The research, from San Francisco State Associate Professor of Political Science Jason McDaniel, was published in the California Journal of Politics and Policy last month. The study concludes that RCV does not cause reductions in racially polarized voting.
McDaniel, who has taught political science at SF State since 2009 and previously published research linking RCV to a drop in voter turnout rates, began delving into the effect of RCV on racial voting blocs five years ago. Taking precinct-level estimates of voting data in San Francisco and Oakland mayoral elections from 1995 to 2015, McDaniel calculated voting preferences between black, white, Latino and Asian voters, comparing elections before and after the implementation of RCV in both cities to calculate the voting divide. In the 2015 San Francisco mayoral election, for instance, 77 percent of Asian voters chose the winning candidate, Chinese American Ed Lee, while 48 percent of white voters voted for him, making the vote divide between the two groups 29 percent.

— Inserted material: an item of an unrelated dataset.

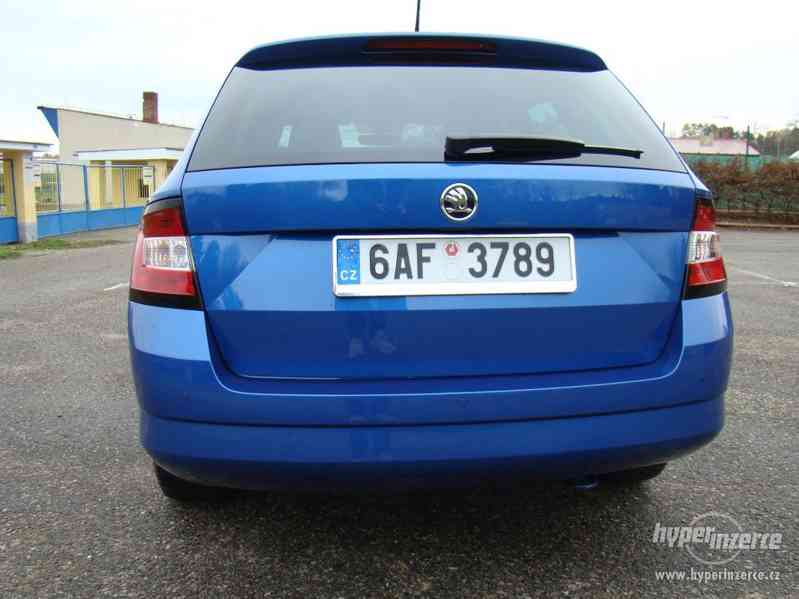 Škoda Fabia 1.2 TSI Combi r.v.2017 (81 KW) el.serviska ČR - foto 4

McDaniel’s initial research suggested that RCV could sometimes reduce the vote divide between racial groups. But in order to get a better grasp of what was going on, McDaniel compared his findings from RCV cities with cities using a traditional primary system. In terms of the racial voting divides, McDaniel saw no difference.
“Any reduction in racially polarized voting that we’ve seen was caused by other factors, not by ranked-choice voting,” he said.
Those factors, McDaniel says, are difficult to pin down, but include the demographic makeup of the cities and candidates. The most important factor is a candidate’s race.
“When there is a same-race group candidate, group cohesion increases and racial polarization increases,” he said.
While last summer’s special mayoral election in San Francisco was not included in McDaniel’s study, he plans to delve into the data and determine how it relates to his current research.
“Sometimes people will say ‘Identity politics is a problem, these things are keeping us from coming together,’ and that’s just the incorrect way of seeing it,” said McDaniel. “Politics is rooted in these identities and these are the identities that matter most to people when voting … So rather than trying to get rid of them, take them seriously.”
But McDaniel says he does not want his work to present the idea that politics is irreparably cleaved along racial lines.
“There are actually multiracial and diverse coalitions on both sides,” said McDaniel. “But it’s not about changing the voting system. It’s about working out compromises and governing, and we need to encourage our politicians to do that.”